WHAT YOU WILL DO -
The entries below contain a stretch that opens with the line containing "Buffalo Bore Ammunition" and closes with the line containing "Phó Thủ tướng"; set down that stretch exactly, both ends included, and nothing else.
-- THE INPUT follows --
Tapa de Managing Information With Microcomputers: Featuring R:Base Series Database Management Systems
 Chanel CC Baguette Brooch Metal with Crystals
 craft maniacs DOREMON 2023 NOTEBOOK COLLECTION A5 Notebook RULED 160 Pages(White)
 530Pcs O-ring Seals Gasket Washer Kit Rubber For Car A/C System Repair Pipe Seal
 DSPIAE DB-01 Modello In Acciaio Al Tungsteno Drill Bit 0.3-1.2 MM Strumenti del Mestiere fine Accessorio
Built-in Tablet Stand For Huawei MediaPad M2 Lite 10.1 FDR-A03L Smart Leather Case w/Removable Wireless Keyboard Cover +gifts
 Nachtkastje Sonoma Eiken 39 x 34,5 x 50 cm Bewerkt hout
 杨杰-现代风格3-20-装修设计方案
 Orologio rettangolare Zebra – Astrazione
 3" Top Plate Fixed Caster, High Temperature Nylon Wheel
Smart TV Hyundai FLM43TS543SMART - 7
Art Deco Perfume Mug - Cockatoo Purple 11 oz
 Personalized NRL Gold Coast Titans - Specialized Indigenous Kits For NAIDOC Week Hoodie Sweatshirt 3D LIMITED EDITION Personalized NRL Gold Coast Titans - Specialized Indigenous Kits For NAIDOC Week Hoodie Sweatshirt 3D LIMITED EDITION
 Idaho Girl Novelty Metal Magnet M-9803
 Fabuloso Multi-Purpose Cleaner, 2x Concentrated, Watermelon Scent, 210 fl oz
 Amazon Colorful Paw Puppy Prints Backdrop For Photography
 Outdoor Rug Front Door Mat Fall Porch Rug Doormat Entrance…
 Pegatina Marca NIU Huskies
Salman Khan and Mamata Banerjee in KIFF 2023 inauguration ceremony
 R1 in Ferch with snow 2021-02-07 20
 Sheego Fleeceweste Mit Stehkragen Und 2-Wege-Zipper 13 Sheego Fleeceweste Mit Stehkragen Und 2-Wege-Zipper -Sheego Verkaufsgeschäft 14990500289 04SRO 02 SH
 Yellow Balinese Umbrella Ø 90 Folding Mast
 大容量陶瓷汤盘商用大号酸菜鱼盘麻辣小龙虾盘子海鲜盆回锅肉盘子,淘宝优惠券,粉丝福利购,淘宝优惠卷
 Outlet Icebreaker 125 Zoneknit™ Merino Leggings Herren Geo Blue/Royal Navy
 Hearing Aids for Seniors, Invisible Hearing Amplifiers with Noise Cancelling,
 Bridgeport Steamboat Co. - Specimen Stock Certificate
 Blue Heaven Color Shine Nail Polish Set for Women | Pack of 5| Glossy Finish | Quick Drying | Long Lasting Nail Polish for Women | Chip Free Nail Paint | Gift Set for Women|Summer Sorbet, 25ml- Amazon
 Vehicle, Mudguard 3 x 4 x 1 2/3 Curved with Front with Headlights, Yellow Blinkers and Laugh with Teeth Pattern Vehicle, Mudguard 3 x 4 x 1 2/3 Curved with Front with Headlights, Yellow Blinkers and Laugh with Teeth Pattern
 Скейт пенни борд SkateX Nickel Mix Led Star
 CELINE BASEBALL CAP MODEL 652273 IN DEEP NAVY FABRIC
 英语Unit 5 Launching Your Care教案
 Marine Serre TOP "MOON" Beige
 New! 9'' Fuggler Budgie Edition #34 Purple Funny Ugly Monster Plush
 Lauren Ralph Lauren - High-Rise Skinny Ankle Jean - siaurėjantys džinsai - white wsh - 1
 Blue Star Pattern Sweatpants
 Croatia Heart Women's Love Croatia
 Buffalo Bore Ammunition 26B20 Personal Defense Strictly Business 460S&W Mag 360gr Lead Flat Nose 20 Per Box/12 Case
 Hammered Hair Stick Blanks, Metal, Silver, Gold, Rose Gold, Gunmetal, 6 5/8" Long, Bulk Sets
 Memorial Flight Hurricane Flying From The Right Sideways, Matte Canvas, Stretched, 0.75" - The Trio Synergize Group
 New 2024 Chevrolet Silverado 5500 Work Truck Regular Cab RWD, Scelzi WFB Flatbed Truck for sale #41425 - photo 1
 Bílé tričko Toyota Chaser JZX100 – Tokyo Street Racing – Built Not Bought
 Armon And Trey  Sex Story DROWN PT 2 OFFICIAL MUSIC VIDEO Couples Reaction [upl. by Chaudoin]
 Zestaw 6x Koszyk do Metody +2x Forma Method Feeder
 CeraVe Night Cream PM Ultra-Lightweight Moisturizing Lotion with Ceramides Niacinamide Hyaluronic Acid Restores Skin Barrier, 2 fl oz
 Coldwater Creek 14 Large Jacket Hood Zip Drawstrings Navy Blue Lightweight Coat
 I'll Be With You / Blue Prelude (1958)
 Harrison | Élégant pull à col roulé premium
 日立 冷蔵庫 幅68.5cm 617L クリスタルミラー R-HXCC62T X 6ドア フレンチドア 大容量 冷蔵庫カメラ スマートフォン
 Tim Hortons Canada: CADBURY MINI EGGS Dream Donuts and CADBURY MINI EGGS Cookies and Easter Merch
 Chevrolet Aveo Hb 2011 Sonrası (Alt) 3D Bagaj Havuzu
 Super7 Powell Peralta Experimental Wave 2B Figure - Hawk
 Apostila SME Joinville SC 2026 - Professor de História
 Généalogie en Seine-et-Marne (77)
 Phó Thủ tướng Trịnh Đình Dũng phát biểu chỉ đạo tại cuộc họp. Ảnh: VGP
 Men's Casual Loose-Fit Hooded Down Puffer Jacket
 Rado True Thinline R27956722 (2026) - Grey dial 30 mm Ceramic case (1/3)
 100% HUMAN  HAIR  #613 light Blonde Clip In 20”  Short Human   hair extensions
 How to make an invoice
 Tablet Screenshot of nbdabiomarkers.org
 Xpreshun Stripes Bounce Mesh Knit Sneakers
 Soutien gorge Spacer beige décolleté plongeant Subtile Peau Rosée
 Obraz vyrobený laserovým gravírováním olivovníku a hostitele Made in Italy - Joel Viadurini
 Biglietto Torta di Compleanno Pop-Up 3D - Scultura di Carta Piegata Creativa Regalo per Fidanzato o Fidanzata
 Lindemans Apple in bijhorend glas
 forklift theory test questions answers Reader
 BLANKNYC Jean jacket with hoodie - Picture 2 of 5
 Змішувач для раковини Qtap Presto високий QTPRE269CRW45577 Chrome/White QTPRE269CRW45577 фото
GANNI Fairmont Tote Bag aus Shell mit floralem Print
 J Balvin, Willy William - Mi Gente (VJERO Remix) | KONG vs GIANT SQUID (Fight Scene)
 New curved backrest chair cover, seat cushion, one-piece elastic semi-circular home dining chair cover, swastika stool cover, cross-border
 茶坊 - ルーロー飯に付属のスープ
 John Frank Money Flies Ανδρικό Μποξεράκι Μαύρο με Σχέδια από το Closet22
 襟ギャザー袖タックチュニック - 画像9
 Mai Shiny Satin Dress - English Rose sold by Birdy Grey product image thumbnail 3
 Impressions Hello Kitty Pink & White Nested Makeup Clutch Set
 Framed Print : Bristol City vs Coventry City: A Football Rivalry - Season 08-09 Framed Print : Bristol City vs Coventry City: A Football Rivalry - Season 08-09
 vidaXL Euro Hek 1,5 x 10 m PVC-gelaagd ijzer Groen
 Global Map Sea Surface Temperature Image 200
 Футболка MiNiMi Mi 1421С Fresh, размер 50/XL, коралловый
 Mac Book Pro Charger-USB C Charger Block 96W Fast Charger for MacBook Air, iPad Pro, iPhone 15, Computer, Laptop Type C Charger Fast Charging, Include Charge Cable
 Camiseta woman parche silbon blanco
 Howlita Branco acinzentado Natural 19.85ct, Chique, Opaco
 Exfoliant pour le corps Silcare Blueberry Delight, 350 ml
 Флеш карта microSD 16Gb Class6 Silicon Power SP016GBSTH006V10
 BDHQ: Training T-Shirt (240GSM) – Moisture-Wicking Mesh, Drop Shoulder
-- THE INPUT concluded --
TASK RESPONSE -
 Buffalo Bore Ammunition 26B20 Personal Defense Strictly Business 460S&W Mag 360gr Lead Flat Nose 20 Per Box/12 Case
 Hammered Hair Stick Blanks, Metal, Silver, Gold, Rose Gold, Gunmetal, 6 5/8" Long, Bulk Sets
 Memorial Flight Hurricane Flying From The Right Sideways, Matte Canvas, Stretched, 0.75" - The Trio Synergize Group
 New 2024 Chevrolet Silverado 5500 Work Truck Regular Cab RWD, Scelzi WFB Flatbed Truck for sale #41425 - photo 1
 Bílé tričko Toyota Chaser JZX100 – Tokyo Street Racing – Built Not Bought
 Armon And Trey  Sex Story DROWN PT 2 OFFICIAL MUSIC VIDEO Couples Reaction [upl. by Chaudoin]
 Zestaw 6x Koszyk do Metody +2x Forma Method Feeder
 CeraVe Night Cream PM Ultra-Lightweight Moisturizing Lotion with Ceramides Niacinamide Hyaluronic Acid Restores Skin Barrier, 2 fl oz
 Coldwater Creek 14 Large Jacket Hood Zip Drawstrings Navy Blue Lightweight Coat
 I'll Be With You / Blue Prelude (1958)
 Harrison | Élégant pull à col roulé premium
 日立 冷蔵庫 幅68.5cm 617L クリスタルミラー R-HXCC62T X 6ドア フレンチドア 大容量 冷蔵庫カメラ スマートフォン
 Tim Hortons Canada: CADBURY MINI EGGS Dream Donuts and CADBURY MINI EGGS Cookies and Easter Merch
 Chevrolet Aveo Hb 2011 Sonrası (Alt) 3D Bagaj Havuzu
 Super7 Powell Peralta Experimental Wave 2B Figure - Hawk
 Apostila SME Joinville SC 2026 - Professor de História
 Généalogie en Seine-et-Marne (77)
 Phó Thủ tướng Trịnh Đình Dũng phát biểu chỉ đạo tại cuộc họp. Ảnh: VGP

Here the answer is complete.